▶ [Task requirements]
Beginning at the line that contains "no. 29, 1916-1917", output each line exactly through the end of the records, and drop any pictures.

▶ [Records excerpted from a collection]
'''
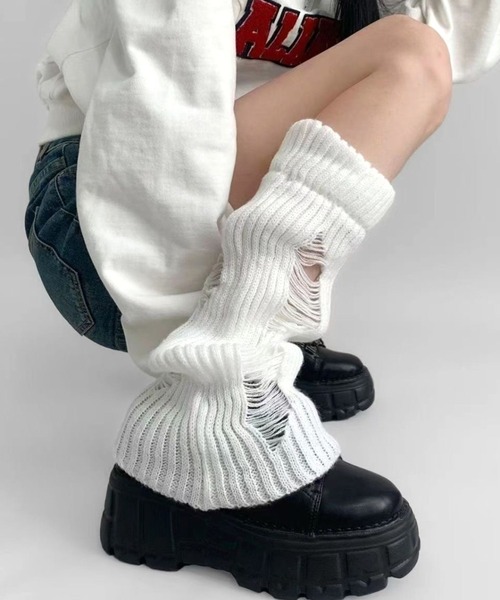 CANVAS+ レッグウォーマー 「CANVAS＋」ダメージルーズレッグ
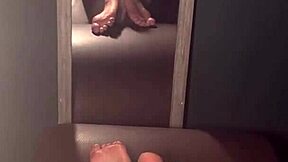 College Slut's Epic Sloppy Blowjob in Bedroom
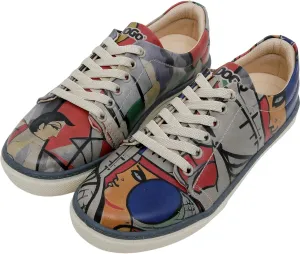 Vegan Leather Sneakers for Women - Handmade and Unique Design Fashion Sneakers for Women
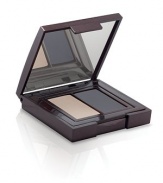 The Eye Colour Duet immediately releases intense luminous colour with superior blending in two complementary shades. The creamy powder texture provides distinctive full colour and unique blendability. To create a classic Laura Mercier eye, use a lighter tone on the lid and under the brow bone. Add depth by accentuating the crease with a dark or medium shade and then smudge deepest colour at the lash line for added definition.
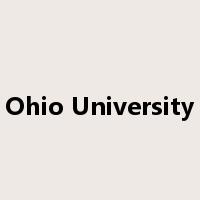 Ohio University是什么意思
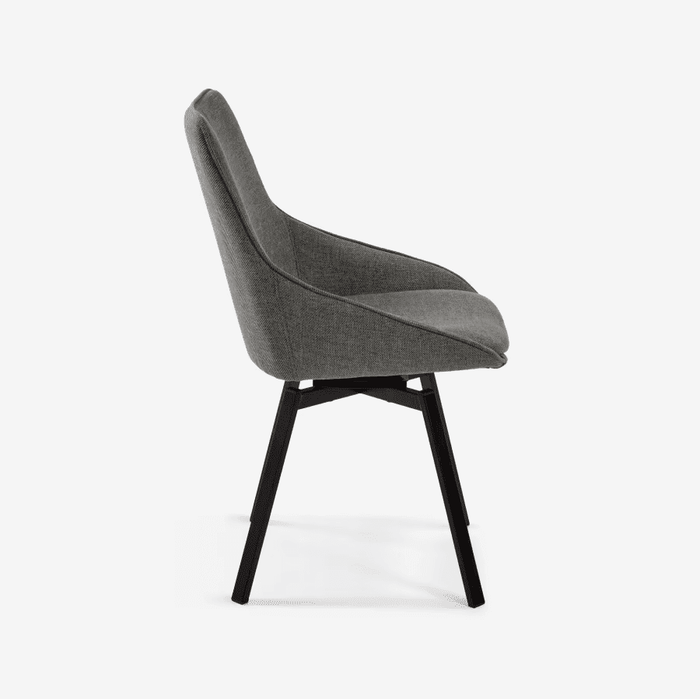 Chaise de bureau tissu et métal Estapona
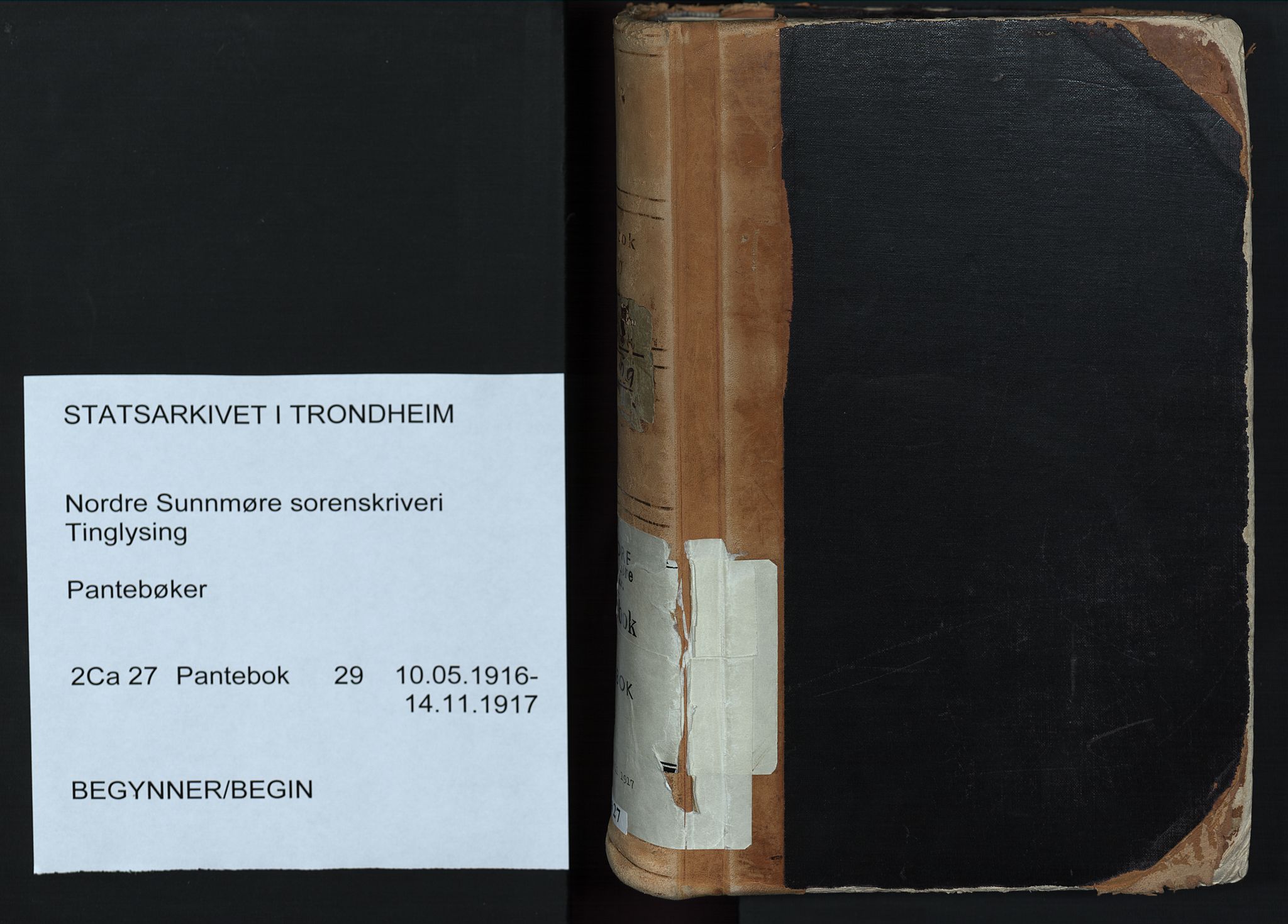 Nordre Sunnmøre sorenskriveri, AV/SAT-A-0006/1/2/2C/2Ca/L0027: Mortgage book no. 29, 1916-1917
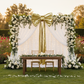 XL Giant Fabric Bow for Backdrop - Metallic Gold Outdoor Lifestyle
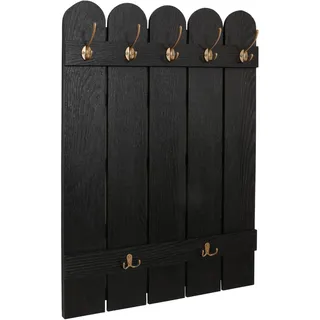 MCW Wandgarderobe N95 60 x 86 x 3 cm Schwarz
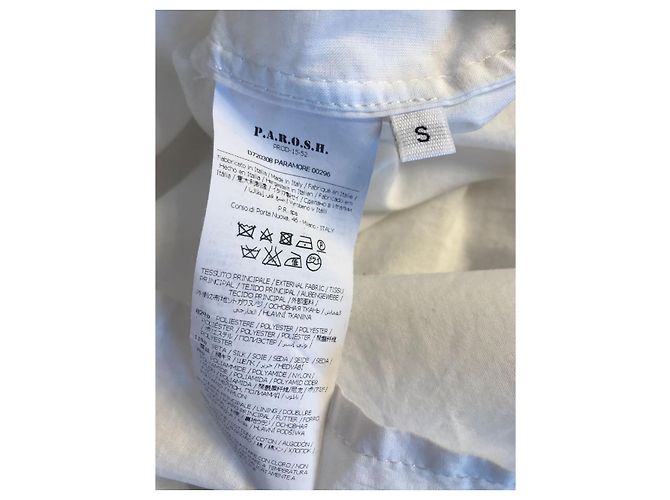 PAROSH Kleider T.International S Polyester Weiß - Ansicht 4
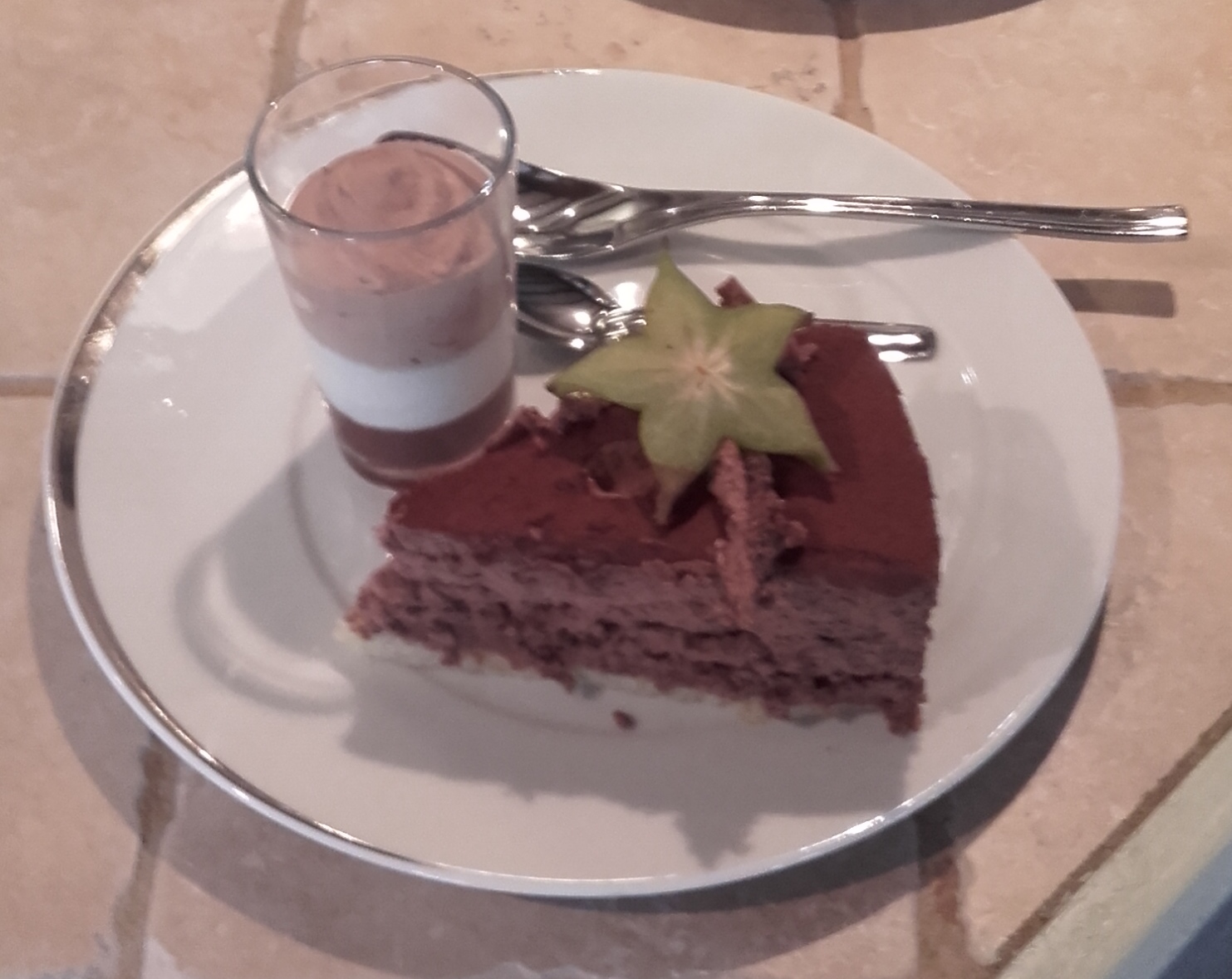 Mousse 3 chocolats et opéra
'''
▶ [Written solution]
 Nordre Sunnmøre sorenskriveri, AV/SAT-A-0006/1/2/2C/2Ca/L0027: Mortgage book no. 29, 1916-1917
 XL Giant Fabric Bow for Backdrop - Metallic Gold Outdoor Lifestyle
 MCW Wandgarderobe N95 60 x 86 x 3 cm Schwarz
 PAROSH Kleider T.International S Polyester Weiß - Ansicht 4
 Mousse 3 chocolats et opéra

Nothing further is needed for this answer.